The old performer, the veteran, as he appropriately called himself in the farewell speech, was plainly overcome; he pressed his hands together, he planted one solidly on his breast, he bowed, he sidled, he cried! When the no se subsided (which it invariably does at last) the comedy proceeded, and Munden gave an admirable picture of the rich, eccentric, charitable old bachelor baronet, who goes about with Humphrey Dobbin at his heels, and philanthropy in his heart. How crustily and yet how kindly he takes Humphrey's contradictions! How readily he puts himself into an attitude for arguing! How tenderly he gives a loose to his heart on the apprehension of Frederick's duel.

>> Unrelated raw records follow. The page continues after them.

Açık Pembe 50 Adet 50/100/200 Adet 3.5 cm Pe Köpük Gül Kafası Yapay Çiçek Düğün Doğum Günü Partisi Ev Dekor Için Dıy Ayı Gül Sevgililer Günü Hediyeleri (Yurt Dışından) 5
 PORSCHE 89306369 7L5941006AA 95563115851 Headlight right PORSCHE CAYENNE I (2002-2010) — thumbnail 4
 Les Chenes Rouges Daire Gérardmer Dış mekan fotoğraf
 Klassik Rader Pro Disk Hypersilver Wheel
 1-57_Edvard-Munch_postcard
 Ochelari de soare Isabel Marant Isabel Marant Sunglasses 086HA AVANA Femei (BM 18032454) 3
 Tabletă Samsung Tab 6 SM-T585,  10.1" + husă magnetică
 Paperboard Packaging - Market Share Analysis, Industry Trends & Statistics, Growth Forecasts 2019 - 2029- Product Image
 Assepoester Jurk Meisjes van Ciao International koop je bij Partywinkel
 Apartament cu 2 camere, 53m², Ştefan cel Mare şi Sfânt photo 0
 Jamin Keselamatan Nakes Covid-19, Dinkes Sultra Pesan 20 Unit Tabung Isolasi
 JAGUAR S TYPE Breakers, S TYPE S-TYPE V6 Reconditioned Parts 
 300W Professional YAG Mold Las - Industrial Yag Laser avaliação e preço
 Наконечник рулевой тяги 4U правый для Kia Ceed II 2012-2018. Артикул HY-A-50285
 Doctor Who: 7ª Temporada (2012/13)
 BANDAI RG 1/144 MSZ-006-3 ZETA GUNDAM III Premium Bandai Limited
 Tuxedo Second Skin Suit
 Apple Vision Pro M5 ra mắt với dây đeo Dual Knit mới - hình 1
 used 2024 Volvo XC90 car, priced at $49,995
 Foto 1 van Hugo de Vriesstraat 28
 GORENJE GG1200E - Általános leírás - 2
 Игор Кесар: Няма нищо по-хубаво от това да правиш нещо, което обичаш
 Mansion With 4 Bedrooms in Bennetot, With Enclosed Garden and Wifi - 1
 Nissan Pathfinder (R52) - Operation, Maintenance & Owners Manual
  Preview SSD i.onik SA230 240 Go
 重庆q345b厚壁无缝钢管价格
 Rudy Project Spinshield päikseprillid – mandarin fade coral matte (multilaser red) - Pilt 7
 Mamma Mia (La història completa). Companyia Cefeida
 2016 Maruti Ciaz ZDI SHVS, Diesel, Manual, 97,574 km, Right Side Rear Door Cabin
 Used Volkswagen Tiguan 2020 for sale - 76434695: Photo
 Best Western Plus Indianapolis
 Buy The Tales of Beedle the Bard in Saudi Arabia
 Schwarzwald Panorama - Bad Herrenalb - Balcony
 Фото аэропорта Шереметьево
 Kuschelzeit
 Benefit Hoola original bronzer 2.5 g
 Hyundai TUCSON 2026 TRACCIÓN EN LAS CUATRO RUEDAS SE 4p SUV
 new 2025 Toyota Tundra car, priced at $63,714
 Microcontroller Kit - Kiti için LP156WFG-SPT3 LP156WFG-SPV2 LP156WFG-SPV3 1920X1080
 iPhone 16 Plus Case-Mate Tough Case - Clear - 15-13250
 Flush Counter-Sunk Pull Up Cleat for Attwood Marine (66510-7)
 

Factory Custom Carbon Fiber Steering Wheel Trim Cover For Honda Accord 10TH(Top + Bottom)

In truth he played Sir Robert in his very ripest manner, and it was impossible not to feel in the very midst of pleasure regret that Munden should then be before us for the last time.

In the farce he became richer and richer; Old Dozey is a plant from Greenwich. The bronzed face-and neck to match-the long curtain of a coat-the straggling white hair-the propensity, the determined attachment to grog,are all from Greenwich. Munden, as Dozey, seems never to have been out of action, sun, and drink. He looks (alas he looked) fireproof. His face and throat were dried like a raisin, and his legs walked under the rum-and-water with all the indecision which that inestimable beverage usually inspires. It is truly tacking, not walking. He steers at a table, and the tide of grog now and then bears him off the point. On this night, he seemed to us to be doomed to fall in action, and we therefore looked at him, as some of the Victory's crew are said to have gazed upon Nelson, with a consciousness that his ardour and his uniform were worn for the last time. In the scene where Dozey describes a sea fight, the actor never was greater, and he seemed the personification of an old seventy-four! His coat hung like a flag at his poop! His phiz was not a whit less highly coloured than one of those lustrous visages which generally superintend the head of a ship! There was something cumbrous, indecisive, and awful in his veerings! Once afloat, it appeared impossible for him to come to his moorings; once at anchor, it did not seem an easy thing to get him under weigh!

The time, however, came for the fall of the curtain, and for the fall of Munden! The farce of the night was finished. The farce of the long forty years' play was over! He stepped forward, not as Dozey, but as Munden, and we heard him address us from the stage for the last time. He trusted, unwisely we think, to a written paper. He read of "heart-felt recollections," and "indelible impressions." He stammered, and he pressed his heart,-and put on his spectacles, and blundered his written gratitudes, -and wiped his eyes, and bowed-and stood, and at last staggered away for ever! The plan of his farewell was bad, but the long life of excellence which really made his farewell pathetic, overcame all defects, and the people and Joe Munden parted like lovers! Well! Farewell to the Rich Old Heart! May thy retirement be as full of repose, as thy public life was full of excellence! We must all have our farewell benefits in our turn.

THE DEATH OF MUNDEN.

(The Athenæum, 11th February, 1832.)

[A facsimile, from the original manuscript, is given upon the opposite page. Especial note should be taken of the underlining touches of the pen-suggestive of the very inflections of the voice, the twinkling eyes, and the dimpling lines about the mouth of the master humorist ]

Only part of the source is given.